Die Kunst-Profilfach-Schüler der Gemeinschaftsschule Nagold arbeiten sich weiter durch die künstlerischen Epochen. Bei der Vernissage am 22. April ist die „Pop-Art“ an der Reihe.
Bekannte Motive in knallbunten Farben: Bei ihrer Vernissage am 22. April im Nagolder Arbeitsamt werden die Neuntklässler des Kunst-Profilfachs der Gemeinschaftsschule ihre „Pop-Art“ Gemälde präsentieren. Bei den Ausstellungen der Zellerschule ist es in der Vergangenheit schon zu besonderen Momenten für die Schüler gekommen.
Bereits das fünfte Jahr in Folge veranstaltet die Schule eine Ausstellung, zuletzt in der Nagolder Stadtbibliothek. Damals war der „Jugendstil“ Thema.
Alltagskultur im „Pop Art“
Bei den Ausstellungen möchte Kunstlehrerin Birgit Steinert nämlich eine Reise durch die Kunst-Epochen unternehmen und Jahr für Jahr eine Epoche weiter schreiten. Dieses Jahr ist die „Pop-Art“ an der Reihe.

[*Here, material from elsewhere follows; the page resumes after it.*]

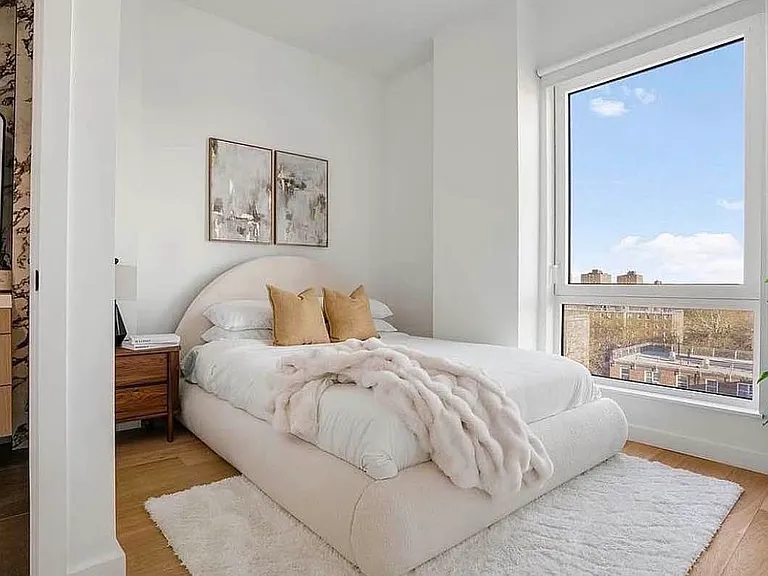 11-14 35th Ave #918 — Photo 11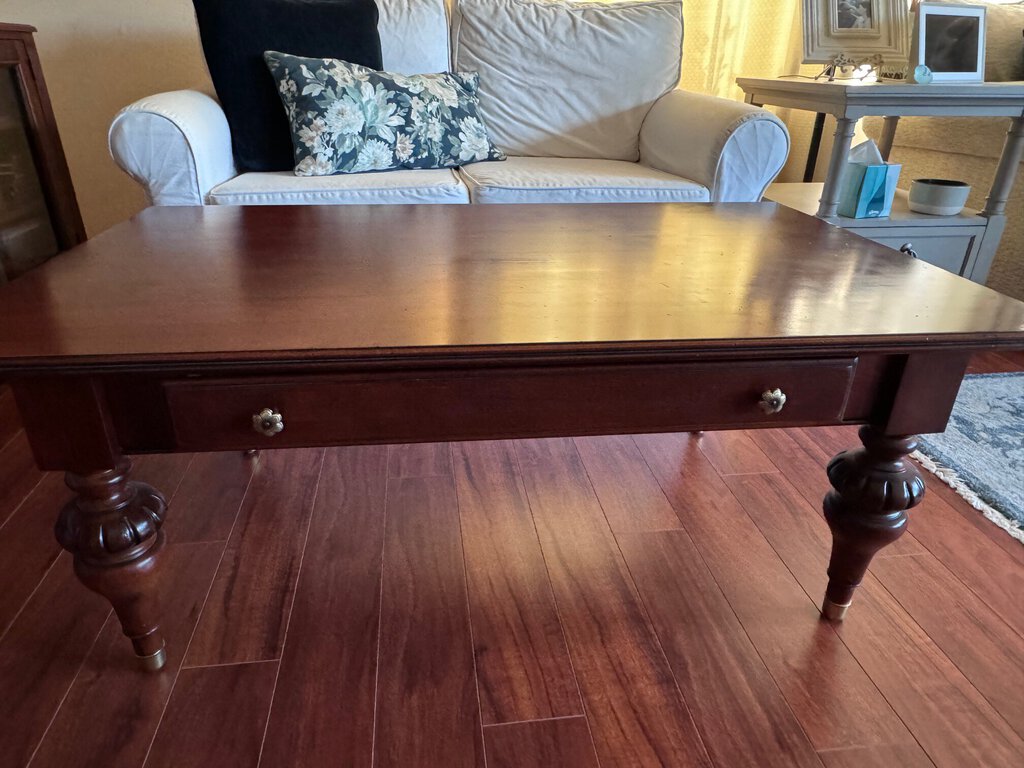 Ethan Allen British Classic Coffee Table 46x27x18.5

Die Mitte der 50er Jahre entstandene Kunstrichtung nutzt Motive der alltäglichen Kultur, Werbung und Comics und stellt diese simpel und in bunten Farben dar, womit sie eine Art Gegenpol zur abstrakten Kunst ist.
So wählten die Schüler für ihre Gemälde beispielsweise Cartoon-Charaktere wie „Spongebob“ oder „Tweety“ von den „Looney Tunes“, aber auch berühmte Persönlichkeiten wie den Profiboxer Mike Tyson oder den Physiker Albert Einstein als Motiv.
So lief das Malen ab
Zunächst bekamen die Neuntklässler den Auftrag, über die Kunst-Epoche zu recherchieren und sich zu informieren. Dann durften sie sich ein Motiv auswählen, beispielsweise eine für sie prägende Figur aus einem Film oder einer TV-Serie.
Nachdem sich die Schüler für ein Motiv entschieden hatten, druckten sie es aus und zeichneten die Umrisse erst auf Papier, und später auf die Leinwand ab. Mit Acrylfarben malten sie die Umrisse dann aus.
Neben den Gemälden auf Leinwand zeichneten die jungen Künstler zusätzlich Portraits auf Papier. Für die Ausstellung stehen nun also 18 Werke auf Leinwand und 16 Portraits auf Papier bereit.
„Die Schüler haben das Gefühl wertgeschätzt zu werden“
Für Steinert sind die Ausstellungen mehr als nur künstlerische Bildung. „Die Schüler haben hier das Gefühl, für ihre Werke wertgeschätzt zu werden“, erklärt sie. Manche Schüler seien überrascht, dass ihre Werke ausgestellt und von teilweise fremden Menschen angeschaut werden, erzählt sie.
Einmal sei es auch schon vorgekommen, dass Gemälde von Schülern sogar gekauft wurden, erinnert sie sich. Diese hingen teilweise noch immer in den Räumen des Nagolder Bürgerzentrums, merkte Schulleiter Ulrich Schubert an.
Am Mittwoch, 22. April, findet ab 14 Uhr die Vernissage der Ausstellung mit dem Namen „Pop is the Art!“ statt. Im Gruppenraum des Berufsinformationszentrum (Raum U115) der Nagolder Agentur für Arbeit können die Gemälde bis zum 14. Juli bestaunt werden.